On my first day in Madagascar, I sat down on one of the stools, ahem, stoves in the large open-air market. The mpivarotras, or salesladies, were aghast. They loved it. Who sits down on a stove? they wondered. I was taking a rest, I tried to explain. Negotiating for tomatoes, onions, garlic and dried fish in Malagasy can be trying business.
They teased me for what seemed like forever.
How to light a Malagasy stove? Go outside. Fill with charcoal. Splash with diesel fuel. Flick a match. Douse with patience. Swing stove from side to side, like a pendulum, allowing the oxygen to permeate coals. You will resemble the local priest with his incense burner. You will utter some magical incantations of your own.
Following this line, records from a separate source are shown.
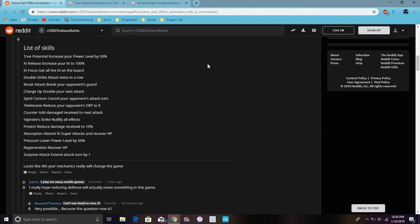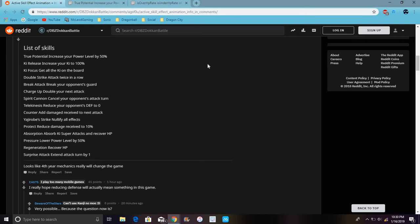Double Charge doubles your next attack. Spirit Candy kills your opponent's attack turn. Telekinesis reduces your opponent's defense to zero. Counter adds damage received to next attack. Ruby Strike nullifies all effects. Protect reduces damage and damage received by 10%. Resolution absorbs damage.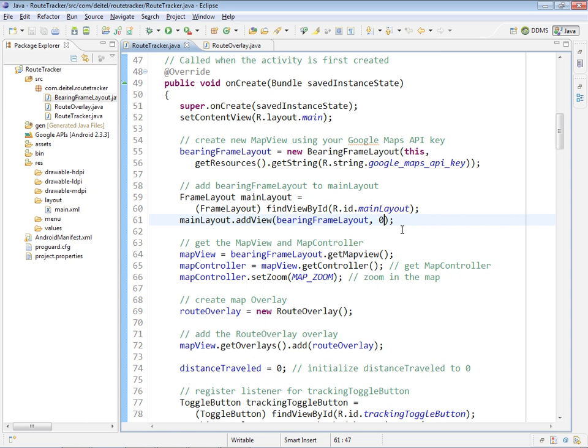By doing that, we're saying this layout should be inserted into the view hierarchy as the first element. That means the toggle button will be the second element in the view hierarchy, and therefore will be placed on top of the bearing frameLayout.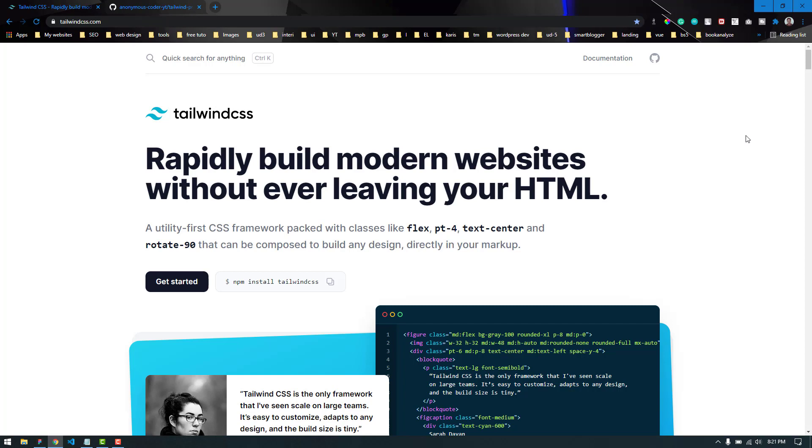For CSS, we are actually going to use the Tailwind CSS framework. It is by far one of the most popular CSS frameworks out there. It's only four years old and it is growing too fast. I think you should learn it to keep yourself up to date.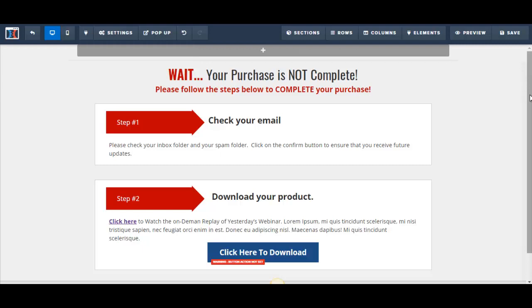My funnel is now complete. I hope you've enjoyed watching these videos and learning from them. As you can see, using ClickFunnels doesn't have much of a learning curve. I wish you the best of luck — have fun creating your funnels, and I'll see you next time.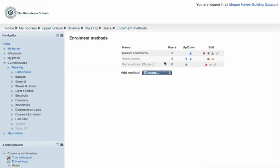First, let's enable self-enrollment by clicking the closed eye icon. Now this feature is enabled.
They will unfit to print.
Most cooking takes place on the tokontany, or yard, where ingredients like rice, dried white beans, grilled fish and zebu meat will boil, smolder and steam for hours in the open air.
Many years later, you will catch a whiff of someone’s backyard barbecue. The smoke and diesel fuel ignites that ancient part of the brain. There was something meditative, you think, about those months swinging the stove in tropical twilight, all the while longing for a microwave. You will remember how, the first time, it took two hours to light. The second time? An hour and a half. After much trial and error, you were proudly able to light the stove in thirty minutes. You will recall your six year-old neighbor preparing her family’s stove in under five minutes. You will jettison any conception that the world is fair.
You will feel guilty. Many trees are felled for cooking fuel on the Big Red Island. This causes deforestation, which contributes to erosion. From the air, Madagascar seems to be disappearing into the ocean.